Liglerin statüsü, ceza ve ödül sistemleri, futbolcu, antrenör ve hakem eğitimi, okul - futbol ilişkilerini belirleyecek ortak programlar, uluslararası ilişkiler, futbolun ekonomisi, psikolojisi, futbolun yönetimi... Aklınıza ne gelirse bu şapkayı başında taşıyan adamın vizyonuna, önerilerine bağlı.
Milli maçı hatırlamak
Fatih Terim’i milli maçtan milli maça hatırlamak, o maçlarla sınırlı beklentilerin içine dalıp eleştirmek , çok kolay!
Zor olan, 23 kişilik takım kadroları konusunda dahi ikna edilemeyen, paylaş(a)mayan, katıl(a)mayan kulüpleri inandırmak ve ikna etmek.
Çünkü yıllardan beri “Kulüplerin Federasyonu” sloganıyla öyle bir yapı oluşturduk ki, genel kurulda mutlak egemenliği olan kulüpler, gündelik çıkarlarına uymayan her konuda ayak diriyorlar. Fatih Hoca’nın Türk Futbolu ile ilgili vizyonundan neler çıkacak, merakla bekliyoruz.
Bakalım, ikinci şapka ile bir devrime mi tanık olacağız, yoksa külahları mı değiştireceğiz? Göreceğiz!
İNSANLAR YAŞADIKÇA...
EREN AKKAYA (Fenerbahçe U21 takımının masörü)
Trabzon’daki maçta ev sahibi takımın oyuncusu Enes Cebeci, boynuna aldığı darbe ile dili dönüp boğulma tehlikesi ile karşı karşıya kaldı. Eren Akaya, hakemden izin almadan sahaya acil bir giriş yaptı ve genç futbolcunun dilini eliyle döndürerek bir hayat kurtardı. Futbolun eninde sonunda masum bir oyun olduğunu yeniden hatırladık. Sağol Eren!
ARDA TURAN (Atletico Madridli kardeşimiz)
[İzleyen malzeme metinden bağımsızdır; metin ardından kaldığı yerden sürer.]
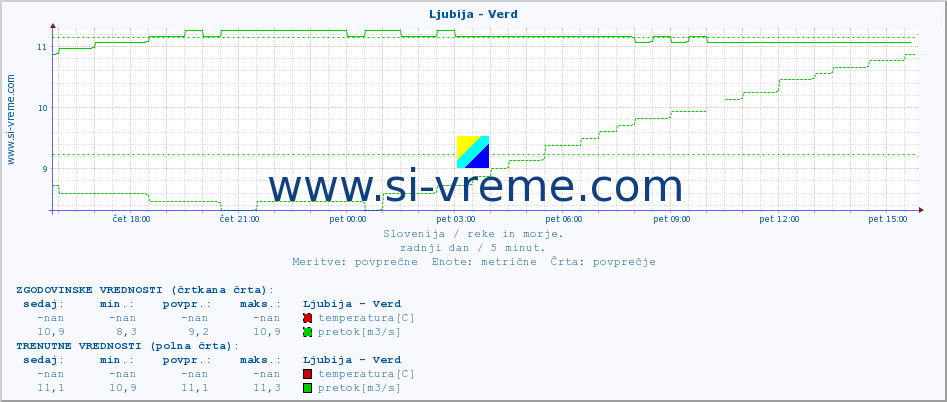 POVPREČJE :: Ljubija - Verd :: temperatura | pretok | višina :: zadnji dan / 5 minut.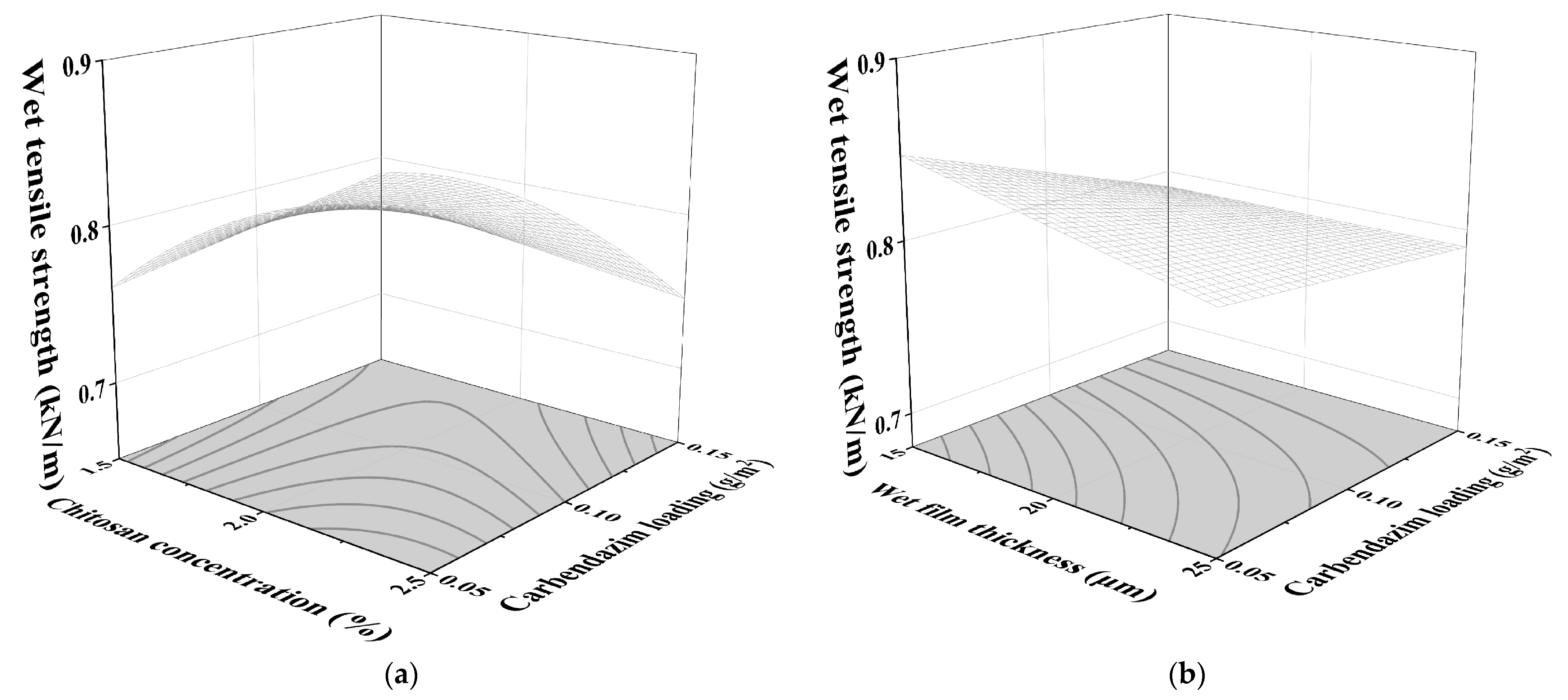 Agronomy 15 00071 g002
Buradan giderken, en büyük hayalinin günün birinde Madrid derbisinde Real’e galibiyet golünü atmak olduğunu söylemişti. Çalıştı, çabaladı, kendini geliştirdi. Hayalini hem de pek keyifli olmadığı bir dönemde gerçekleştirdi. Tüm Atletico alemine büyük bir keyif hediye etti.
ELİF JALE YEŞİLIRMAK (Milli Güreşçi)
Özbekistan’da düzenlenen Dünya Şampiyonası’nda 58 kiloda repesajla 3-5 maçına çıktı. Ekvadorlu Lisset Andes’i 8-2 yenerek bronz madalya kazandı. Dünya Şampiyonası’nda madalya alan ilk kızımız olarak tarihe geçti. Ben de onu olimpiyat altın madalyasıyla hayal etmeye başladım. Bravo Jale, gözümüz sende!